### About this task
Make an exact copy of every entry, leaving the pictures out.
[Start of Attachment]
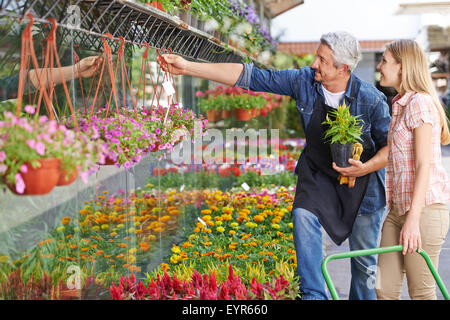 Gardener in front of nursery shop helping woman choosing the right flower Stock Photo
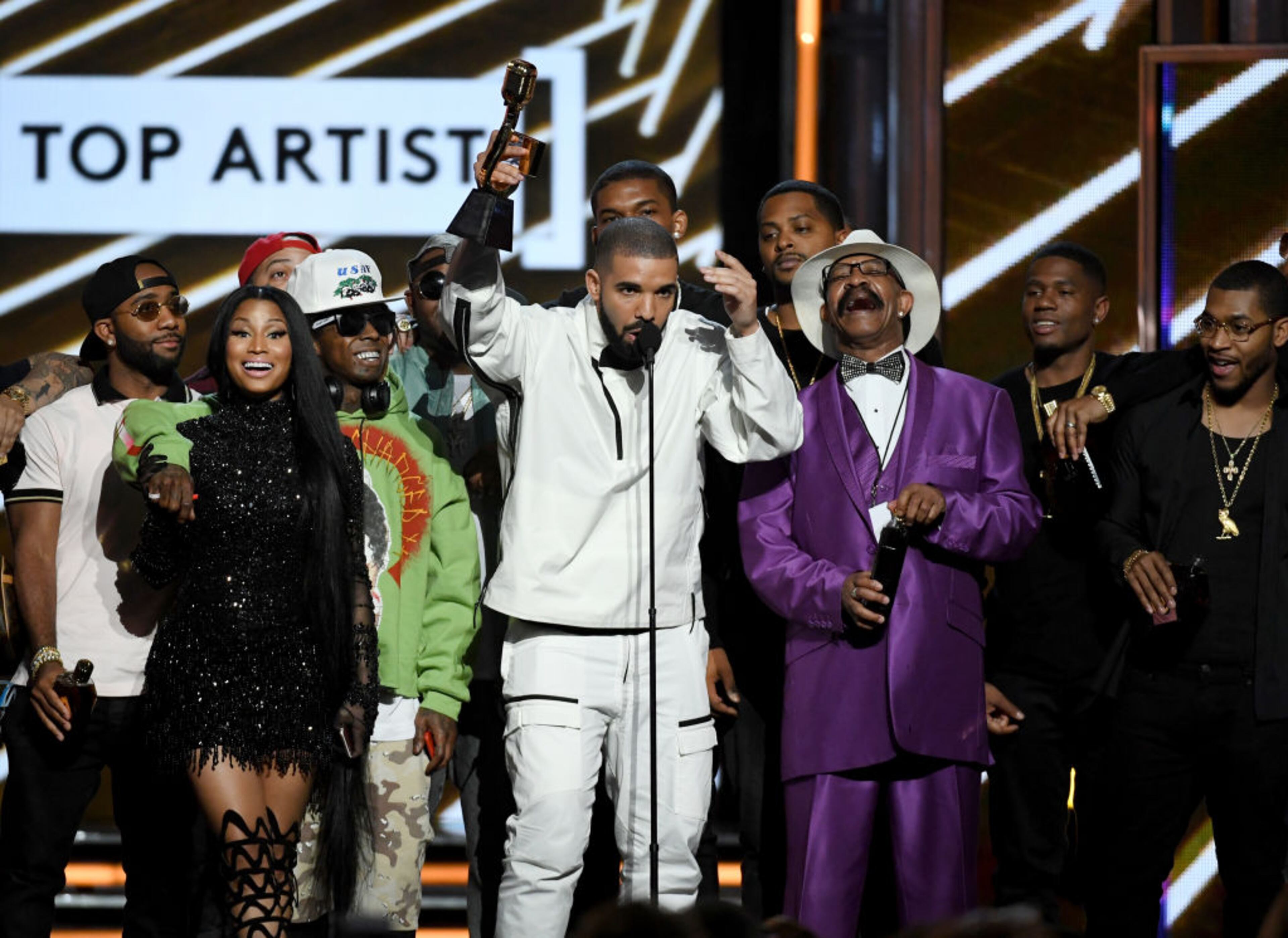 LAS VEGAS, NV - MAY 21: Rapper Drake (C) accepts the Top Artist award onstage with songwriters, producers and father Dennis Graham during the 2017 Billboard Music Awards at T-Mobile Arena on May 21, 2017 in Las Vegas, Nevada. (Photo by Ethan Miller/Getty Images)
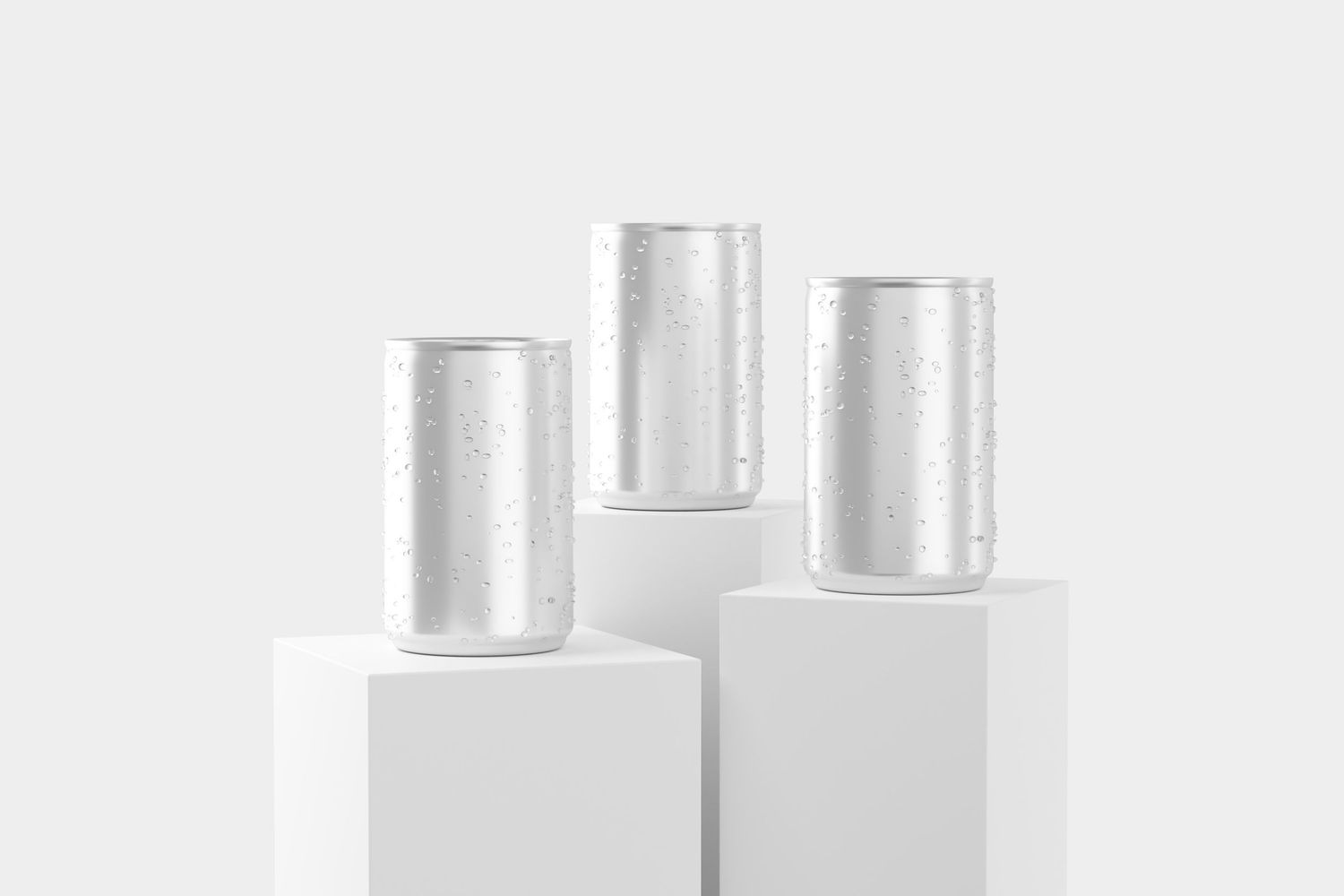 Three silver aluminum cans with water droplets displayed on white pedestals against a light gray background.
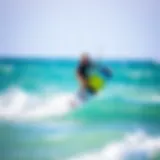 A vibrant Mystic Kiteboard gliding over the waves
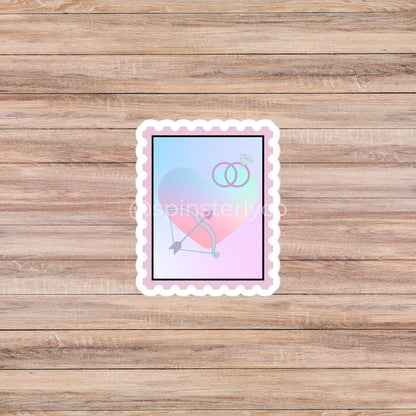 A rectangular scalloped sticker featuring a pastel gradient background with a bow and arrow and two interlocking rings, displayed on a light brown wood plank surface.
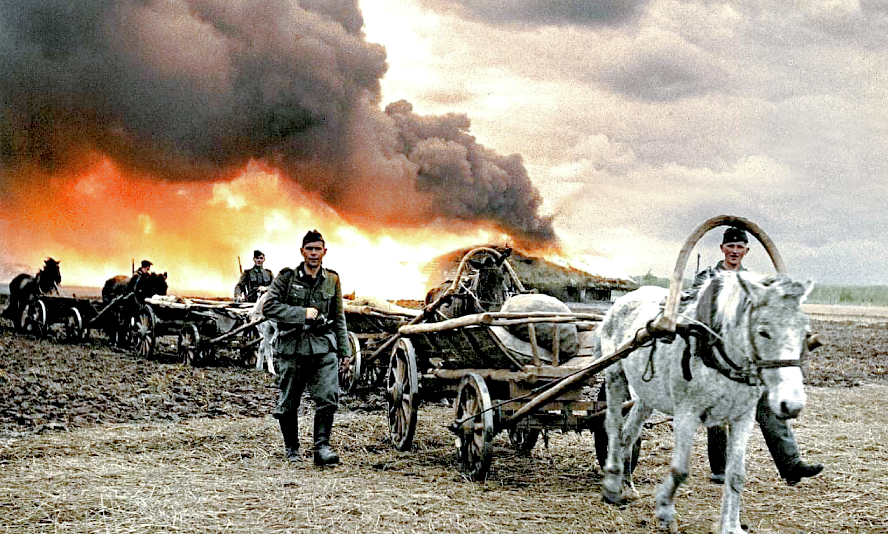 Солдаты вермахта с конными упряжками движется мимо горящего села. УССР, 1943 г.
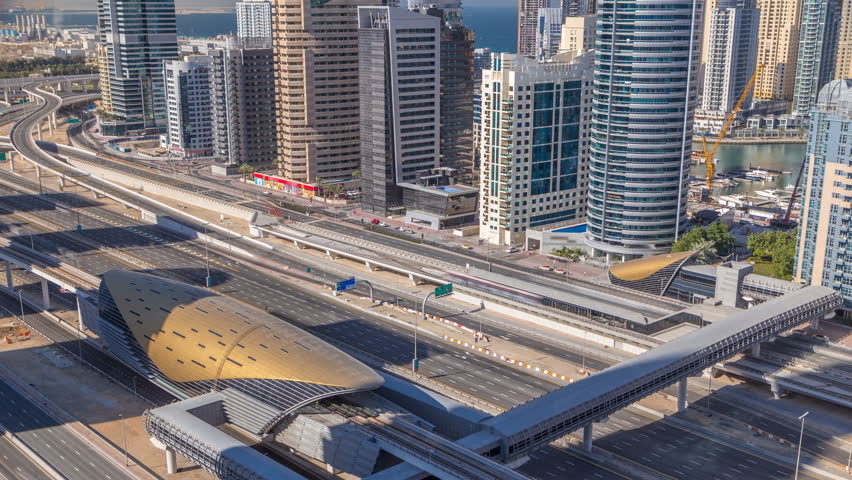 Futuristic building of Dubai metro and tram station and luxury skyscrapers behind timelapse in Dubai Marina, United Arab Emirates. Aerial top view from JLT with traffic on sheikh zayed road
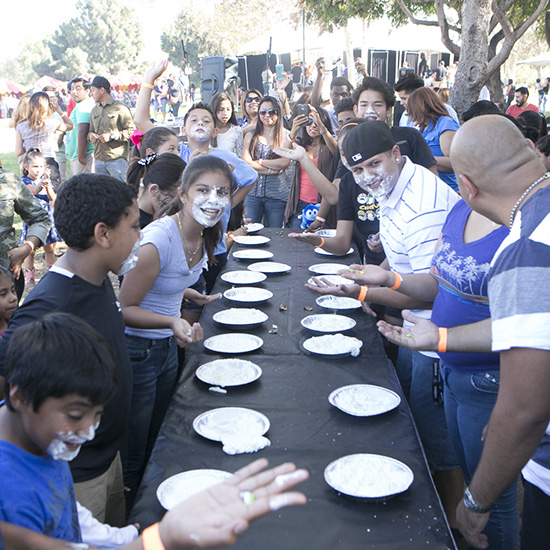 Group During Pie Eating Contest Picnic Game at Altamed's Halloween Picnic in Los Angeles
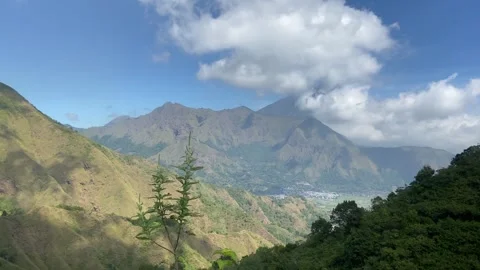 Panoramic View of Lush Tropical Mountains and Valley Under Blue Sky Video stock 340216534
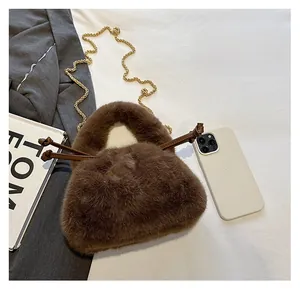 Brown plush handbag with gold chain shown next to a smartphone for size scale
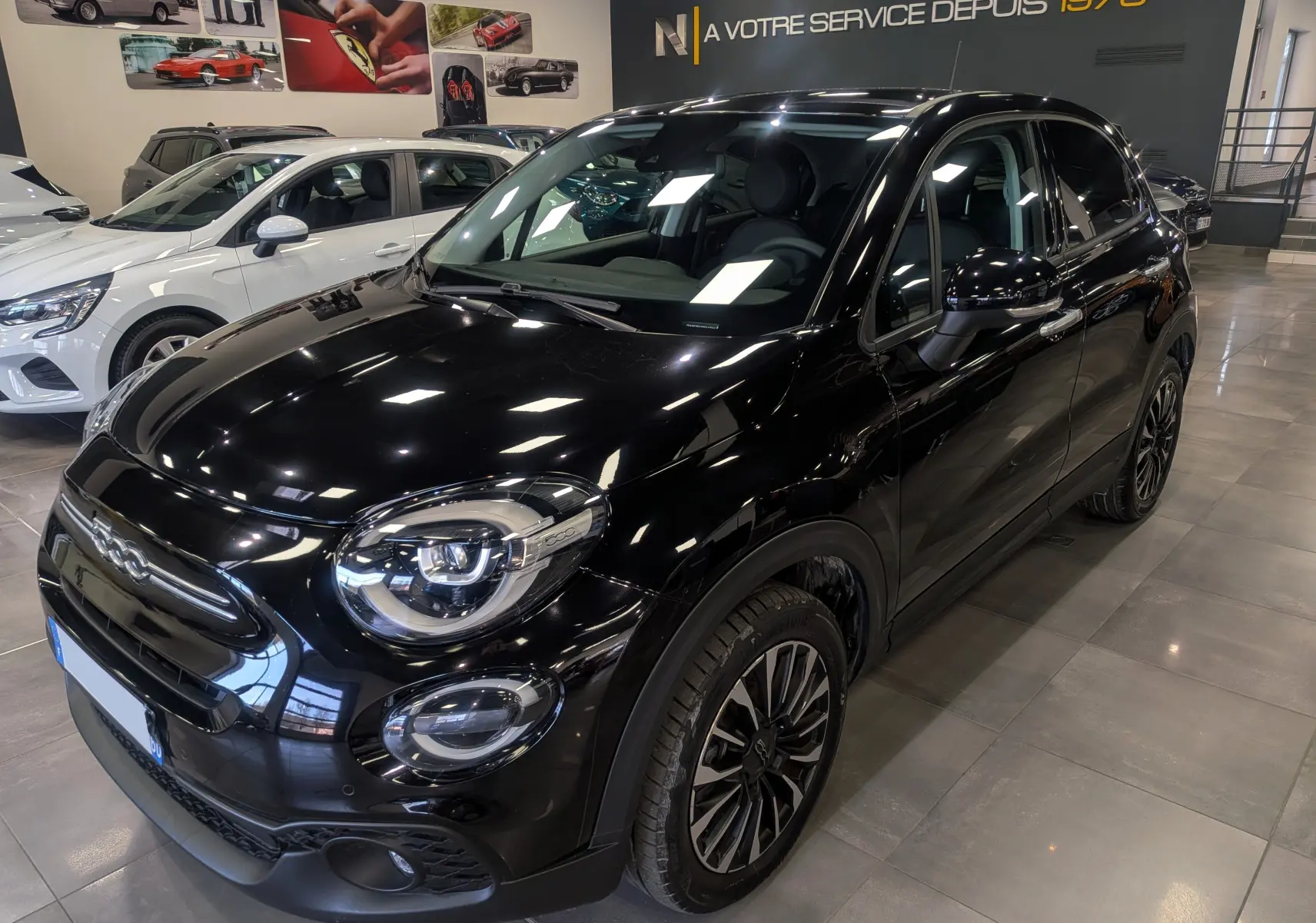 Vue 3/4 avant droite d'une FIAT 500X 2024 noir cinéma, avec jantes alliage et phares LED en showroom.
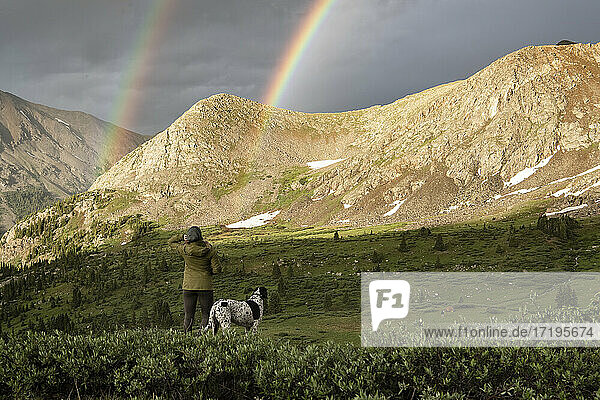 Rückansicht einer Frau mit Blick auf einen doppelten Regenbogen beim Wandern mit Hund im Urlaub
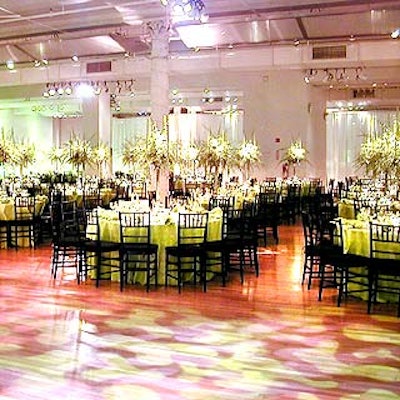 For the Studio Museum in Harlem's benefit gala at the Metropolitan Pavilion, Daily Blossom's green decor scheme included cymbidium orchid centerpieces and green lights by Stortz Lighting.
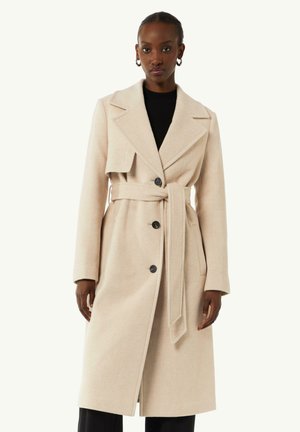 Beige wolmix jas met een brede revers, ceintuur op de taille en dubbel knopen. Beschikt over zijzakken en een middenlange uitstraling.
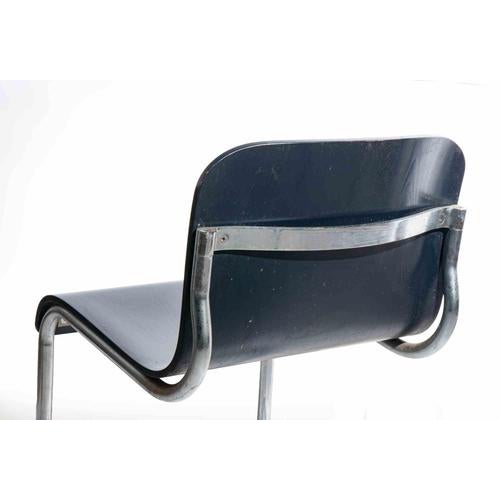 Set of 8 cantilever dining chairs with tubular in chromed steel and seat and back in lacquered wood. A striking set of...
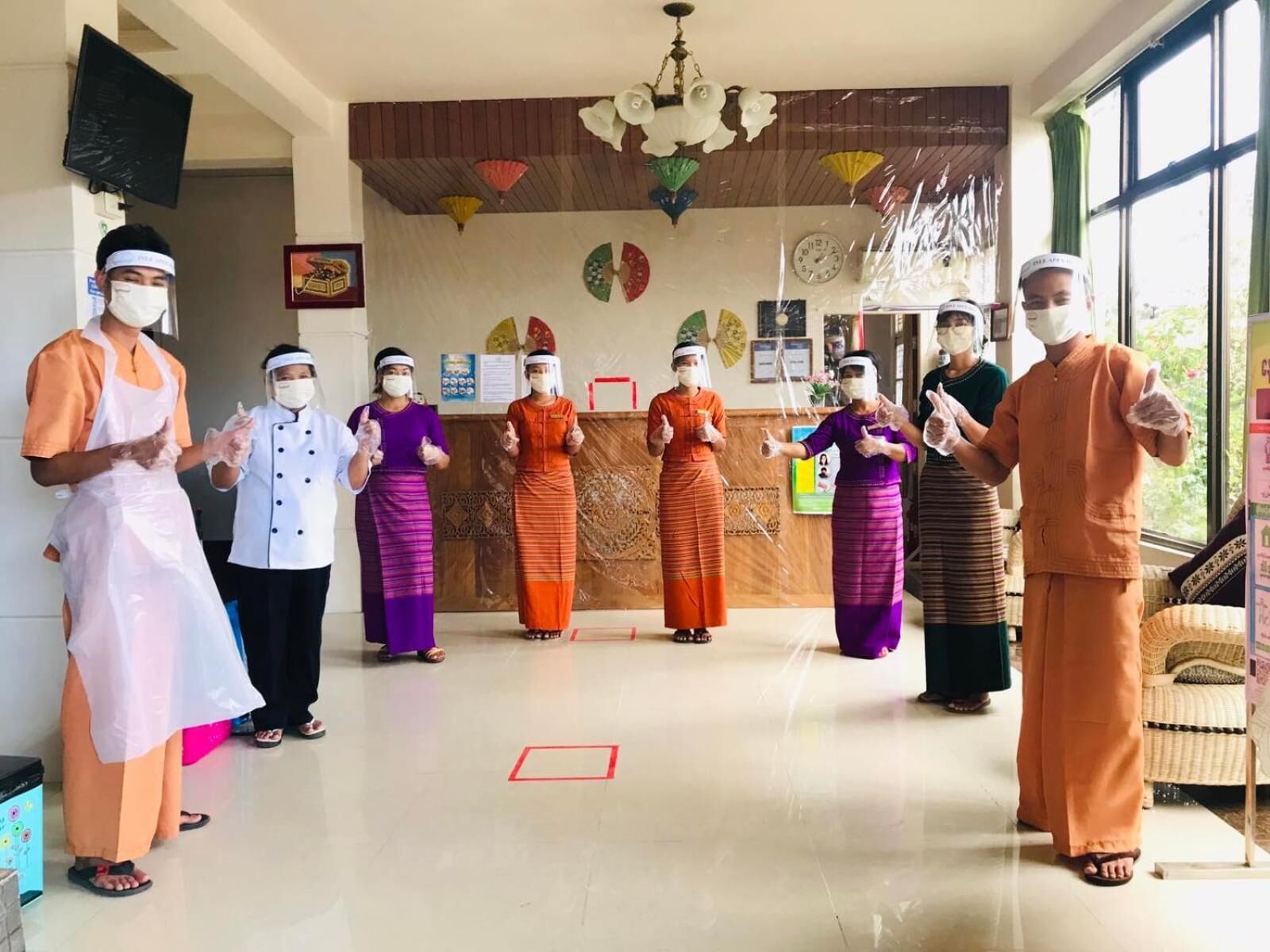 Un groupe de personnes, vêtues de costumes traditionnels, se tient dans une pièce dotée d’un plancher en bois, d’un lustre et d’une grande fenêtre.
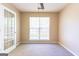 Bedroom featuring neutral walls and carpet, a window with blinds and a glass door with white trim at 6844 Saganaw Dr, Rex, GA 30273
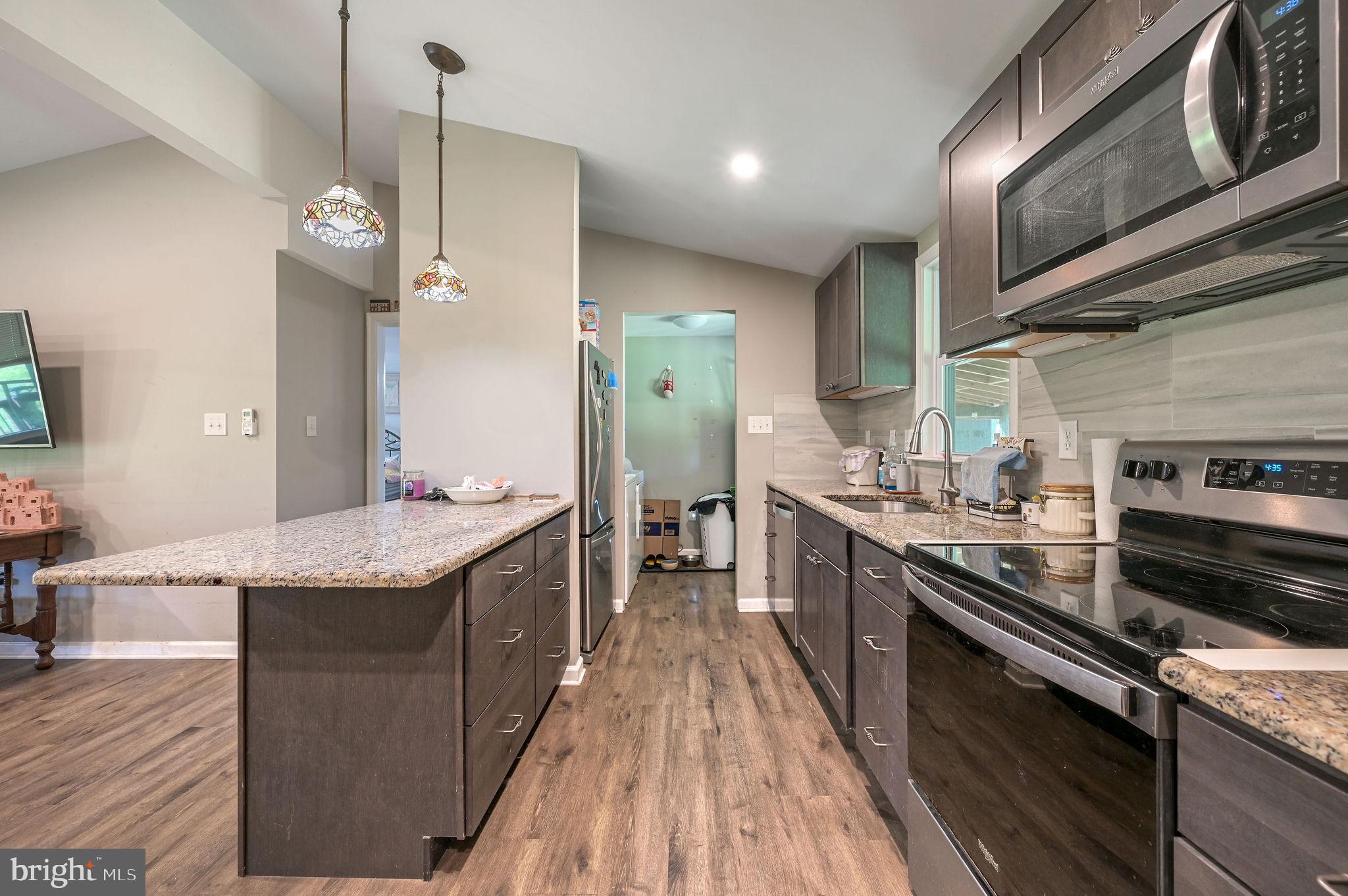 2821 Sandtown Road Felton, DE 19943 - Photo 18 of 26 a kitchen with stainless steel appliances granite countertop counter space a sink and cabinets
[End of Attachment]
### Task solution
 Gardener in front of nursery shop helping woman choosing the right flower Stock Photo
 LAS VEGAS, NV - MAY 21: Rapper Drake (C) accepts the Top Artist award onstage with songwriters, producers and father Dennis Graham during the 2017 Billboard Music Awards at T-Mobile Arena on May 21, 2017 in Las Vegas, Nevada. (Photo by Ethan Miller/Getty Images)
 Three silver aluminum cans with water droplets displayed on white pedestals against a light gray background.
 A vibrant Mystic Kiteboard gliding over the waves
 A rectangular scalloped sticker featuring a pastel gradient background with a bow and arrow and two interlocking rings, displayed on a light brown wood plank surface.
 Солдаты вермахта с конными упряжками движется мимо горящего села. УССР, 1943 г.
 Futuristic building of Dubai metro and tram station and luxury skyscrapers behind timelapse in Dubai Marina, United Arab Emirates. Aerial top view from JLT with traffic on sheikh zayed road
 Group During Pie Eating Contest Picnic Game at Altamed's Halloween Picnic in Los Angeles
 Panoramic View of Lush Tropical Mountains and Valley Under Blue Sky Video stock 340216534
 Brown plush handbag with gold chain shown next to a smartphone for size scale
 Vue 3/4 avant droite d'une FIAT 500X 2024 noir cinéma, avec jantes alliage et phares LED en showroom.
 Rückansicht einer Frau mit Blick auf einen doppelten Regenbogen beim Wandern mit Hund im Urlaub
 For the Studio Museum in Harlem's benefit gala at the Metropolitan Pavilion, Daily Blossom's green decor scheme included cymbidium orchid centerpieces and green lights by Stortz Lighting.
 Beige wolmix jas met een brede revers, ceintuur op de taille en dubbel knopen. Beschikt over zijzakken en een middenlange uitstraling.
 Set of 8 cantilever dining chairs with tubular in chromed steel and seat and back in lacquered wood. A striking set of...
 Un groupe de personnes, vêtues de costumes traditionnels, se tient dans une pièce dotée d’un plancher en bois, d’un lustre et d’une grande fenêtre.
 Bedroom featuring neutral walls and carpet, a window with blinds and a glass door with white trim at 6844 Saganaw Dr, Rex, GA 30273
 2821 Sandtown Road Felton, DE 19943 - Photo 18 of 26 a kitchen with stainless steel appliances granite countertop counter space a sink and cabinets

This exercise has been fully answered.